*Work item:* Produce word for word the lines of the data below running from the one that has "Ford Puma Headlight/headlamp R1TB13E014AB" to the one that has "Used Ford Kuga for sale - 77446547: Photo 40", inclusive, and no others.

Records from a data source

══════════════════════════════

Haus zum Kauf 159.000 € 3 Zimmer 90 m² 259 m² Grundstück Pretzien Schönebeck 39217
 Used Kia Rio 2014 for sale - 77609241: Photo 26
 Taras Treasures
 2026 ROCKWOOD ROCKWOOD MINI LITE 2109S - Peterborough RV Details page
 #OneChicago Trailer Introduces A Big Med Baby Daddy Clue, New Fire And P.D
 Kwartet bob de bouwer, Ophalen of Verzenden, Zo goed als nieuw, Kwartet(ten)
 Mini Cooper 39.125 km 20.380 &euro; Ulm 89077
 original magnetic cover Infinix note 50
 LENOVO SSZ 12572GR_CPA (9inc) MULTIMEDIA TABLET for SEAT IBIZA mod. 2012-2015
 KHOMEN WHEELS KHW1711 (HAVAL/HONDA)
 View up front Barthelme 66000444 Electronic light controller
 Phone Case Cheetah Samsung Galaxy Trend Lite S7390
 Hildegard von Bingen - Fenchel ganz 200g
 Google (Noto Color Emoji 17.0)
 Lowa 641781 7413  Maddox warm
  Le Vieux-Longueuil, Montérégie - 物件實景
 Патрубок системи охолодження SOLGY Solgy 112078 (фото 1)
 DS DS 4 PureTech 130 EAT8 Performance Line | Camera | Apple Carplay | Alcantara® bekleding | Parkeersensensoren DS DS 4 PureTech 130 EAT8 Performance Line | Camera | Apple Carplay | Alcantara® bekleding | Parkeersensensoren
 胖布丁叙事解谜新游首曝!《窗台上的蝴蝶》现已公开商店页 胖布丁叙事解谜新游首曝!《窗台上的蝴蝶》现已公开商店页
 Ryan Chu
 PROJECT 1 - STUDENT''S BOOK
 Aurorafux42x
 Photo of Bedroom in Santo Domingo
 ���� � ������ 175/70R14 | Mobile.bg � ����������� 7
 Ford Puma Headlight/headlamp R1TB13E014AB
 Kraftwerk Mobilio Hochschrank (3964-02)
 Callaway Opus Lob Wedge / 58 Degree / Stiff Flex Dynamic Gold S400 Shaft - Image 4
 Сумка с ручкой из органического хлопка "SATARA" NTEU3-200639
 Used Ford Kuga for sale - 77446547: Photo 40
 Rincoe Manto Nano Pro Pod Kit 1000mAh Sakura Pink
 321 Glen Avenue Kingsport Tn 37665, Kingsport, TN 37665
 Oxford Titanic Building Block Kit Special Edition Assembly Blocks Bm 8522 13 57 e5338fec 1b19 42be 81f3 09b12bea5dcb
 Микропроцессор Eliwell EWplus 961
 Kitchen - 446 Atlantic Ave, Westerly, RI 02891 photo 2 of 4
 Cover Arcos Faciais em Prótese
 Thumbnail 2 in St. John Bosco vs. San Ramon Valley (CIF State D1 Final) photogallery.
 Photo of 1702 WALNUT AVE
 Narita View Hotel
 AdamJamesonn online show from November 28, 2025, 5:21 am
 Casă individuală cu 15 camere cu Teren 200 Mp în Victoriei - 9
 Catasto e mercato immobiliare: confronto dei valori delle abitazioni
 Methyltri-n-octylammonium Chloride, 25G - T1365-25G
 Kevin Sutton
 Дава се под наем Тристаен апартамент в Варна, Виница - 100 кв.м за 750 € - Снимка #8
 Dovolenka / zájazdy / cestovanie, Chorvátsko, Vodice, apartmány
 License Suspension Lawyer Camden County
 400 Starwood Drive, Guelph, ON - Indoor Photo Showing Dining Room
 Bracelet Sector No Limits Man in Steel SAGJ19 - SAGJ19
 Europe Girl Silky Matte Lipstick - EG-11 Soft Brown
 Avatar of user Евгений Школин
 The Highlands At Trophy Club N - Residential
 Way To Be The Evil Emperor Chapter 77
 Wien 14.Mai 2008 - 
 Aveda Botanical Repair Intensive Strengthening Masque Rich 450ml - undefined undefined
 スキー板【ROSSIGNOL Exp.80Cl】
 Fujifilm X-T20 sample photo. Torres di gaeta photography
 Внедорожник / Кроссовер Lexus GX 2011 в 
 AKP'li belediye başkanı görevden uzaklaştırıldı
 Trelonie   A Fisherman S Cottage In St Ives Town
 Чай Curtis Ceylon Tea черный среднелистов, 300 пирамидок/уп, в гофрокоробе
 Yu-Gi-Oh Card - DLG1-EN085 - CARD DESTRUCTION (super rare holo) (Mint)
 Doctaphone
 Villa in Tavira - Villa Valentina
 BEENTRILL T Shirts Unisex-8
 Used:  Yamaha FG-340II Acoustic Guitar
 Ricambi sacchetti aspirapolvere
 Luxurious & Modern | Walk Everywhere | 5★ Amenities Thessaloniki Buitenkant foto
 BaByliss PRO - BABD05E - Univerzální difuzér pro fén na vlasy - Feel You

══════════════════════════════

*Exercise answer:*
 Ford Puma Headlight/headlamp R1TB13E014AB
 Kraftwerk Mobilio Hochschrank (3964-02)
 Callaway Opus Lob Wedge / 58 Degree / Stiff Flex Dynamic Gold S400 Shaft - Image 4
 Сумка с ручкой из органического хлопка "SATARA" NTEU3-200639
 Used Ford Kuga for sale - 77446547: Photo 40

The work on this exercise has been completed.